But by the way, here we are to mark, according to the sence of the words already given; under the wisdome of conduct, or understanding of the times, to know what Israel ought to do, is necessarily comprehended piety before God, as well as prudence amongst men, according to the received rule of Scripture Language and Phrase, where as Divines use to say, verba sensus denotant affectum cordis: therefore understanding to know Israels duty, requires a great deal of divine skill and spiritual wisdome attained by Faith in Gods promises, diligent reading of the precepts of his Law, fervent and frequent prayer for divine assistance, by which means David became wiser then his Teachers, yea, was accounted wise as the Angel of God to discerne good and bad, and to know all things that were in the earth. It was by a special Law required of God that the King in Israel should have a copy of the divine Law, written out (by his own hand, say some of the Rabbines) and kept by him, that he might read therein all the dayes of his life, Deut. 17 19.20. that from thence he might receive direction how to govern his Kingdome, so that according to the excellent patern before us in the Text, it is requisite that the Heads and leaders of Israel, should be versed in Divine, as well as in humane Law.

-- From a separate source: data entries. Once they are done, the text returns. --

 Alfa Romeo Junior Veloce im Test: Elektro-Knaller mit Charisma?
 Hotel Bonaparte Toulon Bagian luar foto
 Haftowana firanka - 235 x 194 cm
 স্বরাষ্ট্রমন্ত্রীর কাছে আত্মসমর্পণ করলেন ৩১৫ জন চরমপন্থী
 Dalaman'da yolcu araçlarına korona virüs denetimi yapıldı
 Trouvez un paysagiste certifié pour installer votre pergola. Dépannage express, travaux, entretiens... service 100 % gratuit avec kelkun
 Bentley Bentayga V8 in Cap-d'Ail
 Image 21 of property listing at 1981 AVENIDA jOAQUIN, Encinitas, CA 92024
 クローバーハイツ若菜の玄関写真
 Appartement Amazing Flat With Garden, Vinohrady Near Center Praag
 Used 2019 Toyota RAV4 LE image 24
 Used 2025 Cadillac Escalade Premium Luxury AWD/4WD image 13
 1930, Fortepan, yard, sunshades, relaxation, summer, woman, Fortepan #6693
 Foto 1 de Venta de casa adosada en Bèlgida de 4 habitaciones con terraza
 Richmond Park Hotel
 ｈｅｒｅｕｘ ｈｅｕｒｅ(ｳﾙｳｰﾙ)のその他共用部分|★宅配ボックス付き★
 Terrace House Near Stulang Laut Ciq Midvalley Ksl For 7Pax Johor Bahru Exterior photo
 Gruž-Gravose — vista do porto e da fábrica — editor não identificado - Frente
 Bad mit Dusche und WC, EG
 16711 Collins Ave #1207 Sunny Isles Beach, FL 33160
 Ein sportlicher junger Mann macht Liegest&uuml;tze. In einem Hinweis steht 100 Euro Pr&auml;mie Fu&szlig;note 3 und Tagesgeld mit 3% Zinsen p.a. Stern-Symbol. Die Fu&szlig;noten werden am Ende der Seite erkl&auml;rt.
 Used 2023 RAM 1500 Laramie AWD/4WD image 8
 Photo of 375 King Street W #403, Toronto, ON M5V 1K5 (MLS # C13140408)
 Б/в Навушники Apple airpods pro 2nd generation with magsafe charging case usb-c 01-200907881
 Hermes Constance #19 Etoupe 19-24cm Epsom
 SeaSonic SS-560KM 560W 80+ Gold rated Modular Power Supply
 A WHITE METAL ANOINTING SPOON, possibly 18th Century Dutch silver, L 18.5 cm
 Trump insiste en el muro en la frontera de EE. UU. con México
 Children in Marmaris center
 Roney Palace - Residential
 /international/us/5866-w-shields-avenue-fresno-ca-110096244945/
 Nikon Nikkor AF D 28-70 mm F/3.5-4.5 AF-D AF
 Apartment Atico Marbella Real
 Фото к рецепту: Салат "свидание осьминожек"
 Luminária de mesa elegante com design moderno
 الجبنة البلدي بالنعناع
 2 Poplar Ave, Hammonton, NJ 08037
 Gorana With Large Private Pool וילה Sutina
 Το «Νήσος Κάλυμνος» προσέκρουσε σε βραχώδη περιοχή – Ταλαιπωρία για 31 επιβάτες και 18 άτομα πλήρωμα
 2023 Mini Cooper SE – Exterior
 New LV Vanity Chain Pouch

Therefore we find, that when Solomon, after he was advanced to be the chief Head and Leader of Israel, when he had his Option granted him of God, could not ask any thing so well pleasing to God, and so needful to himself, as wisdome, or an understanding heart to judge the Israel of God, and to discerne between good and bad. As herein had David his Father before him approved himself, as a meet Shepheard over the flock of God, in feeding of them according to the integrity of his heart, and guiding them by the skilfulness of his hands, Psal. 78. ult. That is he guided them by his counsel, and preserved them by his power, in which two branches is contained the sum of a Rulers office. And though in many cases the rule is very plain and easie, and he that runs, as is said, may read what Israel ought to do; yet things may be oft times so circumstanced in Israel, that it is no easie matter to know what Israel ought to do: many times the right way lieth in a very narrow; the Channel may run between two dangerous precipices on either side, so that a man who hath not great understanding, Incidit in syllam volens vitare charybdin. A Ruler may oft times run into one or more evils, and it may be great ones too, that intended only to avoid some lesser one, yea sometimes he that resolves to keep the middle of the Channel, yet for want of insight and experience, not making allowance for emergent cases & difficulties, not easie to be foreseen, may by the setting of the Current be shipwracked on the opposite Shoar.